La perception voulant que le gaz naturel soit la solution de chauffage la plus abordable fait l’objet d’un examen approfondi. Contrairement à la croyance populaire, le gaz naturel n’est pas automatiquement abordable. Les thermopompes, autrefois considérées comme ne convenant qu’aux climats plus doux, gagnent du terrain. Le rapport briseur de mythes d’Efficacité énergétique Canada (en anglais) remet en question des croyances de longue date en laissant entendre que ces systèmes électriques peuvent rivaliser avec les fournaises au gaz, voire les surpasser, en termes de rentabilité, lorsqu’ils sont correctement installés.

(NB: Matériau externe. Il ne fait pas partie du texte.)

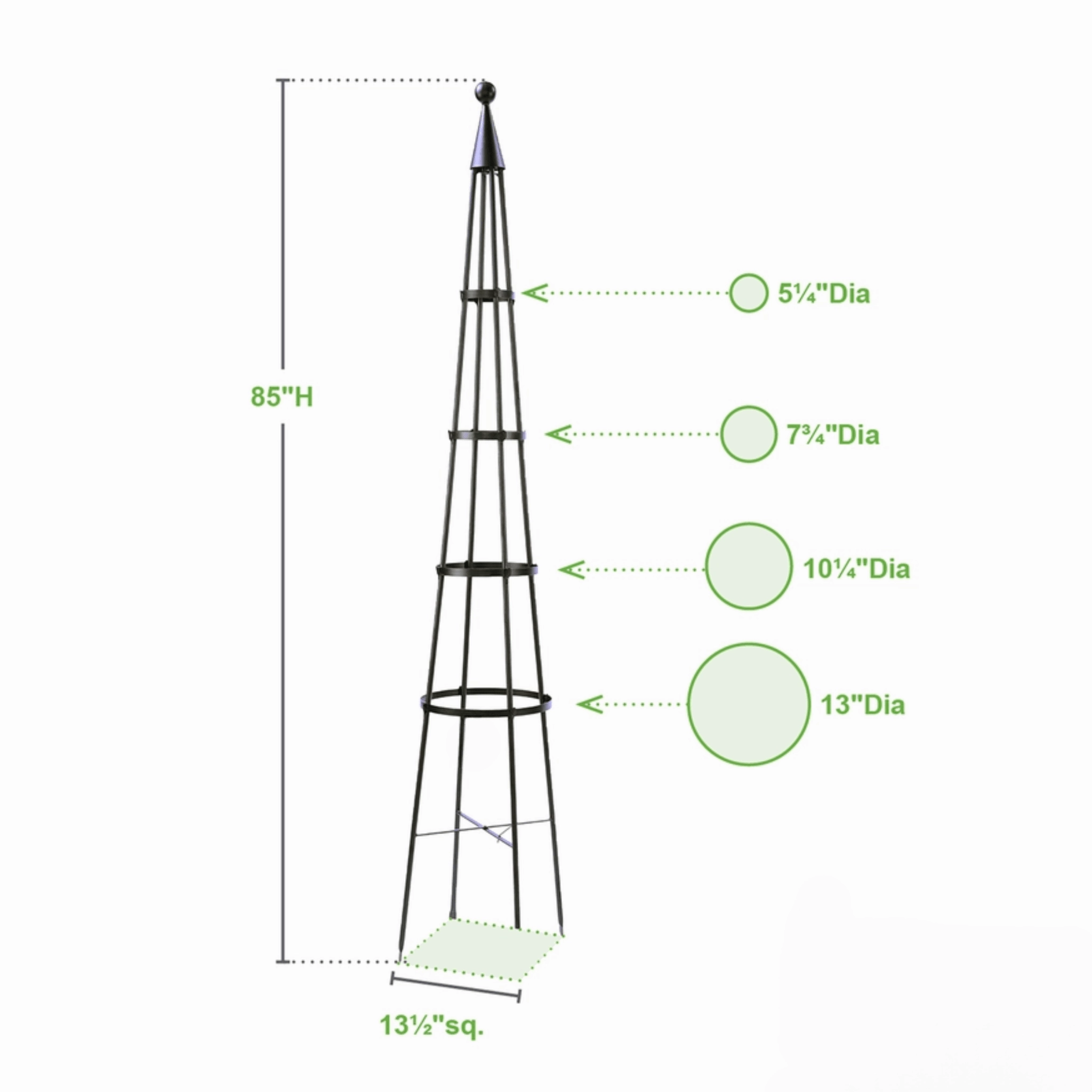 Multi Ring Obelisk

À l’approche des élections fédérales de 2025, les partis politiques révisent leurs politiques énergétiques. Nous pourrions bientôt voir des plateformes visant à respecter les engagements environnementaux sans s’appuyer lourdement sur la tarification du carbone. Une proposition clé qui fait son chemin repose sur la vision selon laquelle les systèmes hybrides (gaz-électricité) devraient être la norme minimale pour les nouvelles installations. Cette approche reconnaît que, bien que nous devions nous éloigner de la dépendance totale au gaz naturel, un changement progressif peut être plus pratique et économiquement viable.
Il convient de noter que même les fournaises au gaz naturel traditionnelles ont besoin d’électricité pour fonctionner. Cette dépendance à l’égard de l’électricité met en évidence l’interconnexion de nos systèmes énergétiques et le potentiel d’une transition plus harmonieuse vers des solutions de chauffage plus électriques.
Les services publics du Québec ont mis au point un plan « bi-énergie » innovant pour réduire la consommation de gaz naturel sans aliéner le secteur gazier, en combinant des incitations gouvernementales pour les thermopompes électriques avec un rôle continu pour le gaz naturel dans les bâtiments. Cette approche de collaboration entre Énergir (une compagnie de gaz) et Hydro-Québec (une compagnie d’électricité) offre un modèle potentiel pour d’autres – en visant à réduire les émissions pendant les pics de chauffage en hiver sans compromettre la fiabilité ou l’abordabilité.

Ce type de modèle hybride pourrait inspirer la politique fédérale et aider les entreprises gazières à se repositionner dans un paysage énergétique en mutation. Surtout, il démontre qu’il est important d’inciter les entreprises de services publics à trouver des moyens de passer du gaz naturel à l’électricité sans causer de perturbations financières excessives.
Les discussions futures porteront probablement sur la promotion de systèmes de chauffage électrique efficaces, le développement de réseaux d’énergie plus intelligents et le soutien à la transition de l’industrie gazière. L’accent sera mis sur la préservation de l’abordabilité de l’énergie pour tous les Canadiens, en particulier dans les régions où les hivers sont rudes ou les étés chauds, tout en progressant régulièrement vers la carboneutralité.
Le paysage énergétique évolue, et les derniers développements de la Stratégie canadienne pour les bâtiments verts d’Ottawa reflètent ce changement dynamique. Alors que le débat sur les objectifs climatiques et l’énergie abordable se poursuit, tous les regards seront tournés vers la manière dont le Canada naviguera sur ce terrain complexe dans les années à venir, en conciliant le besoin d’une énergie plus propre avec les réalités de l’abordabilité et de l’infrastructure existante.
Kathleen Monk est propriétaire principale de Monk + Associates, une société indépendante d’affaires publiques. Elle apparaît régulièrement à l’émission Power and Politics du réseau CBC News et siège au conseil d’administration de CIVIX, un organisme de bienfaisance non partisan qui se consacre à la formation de citoyens engagés.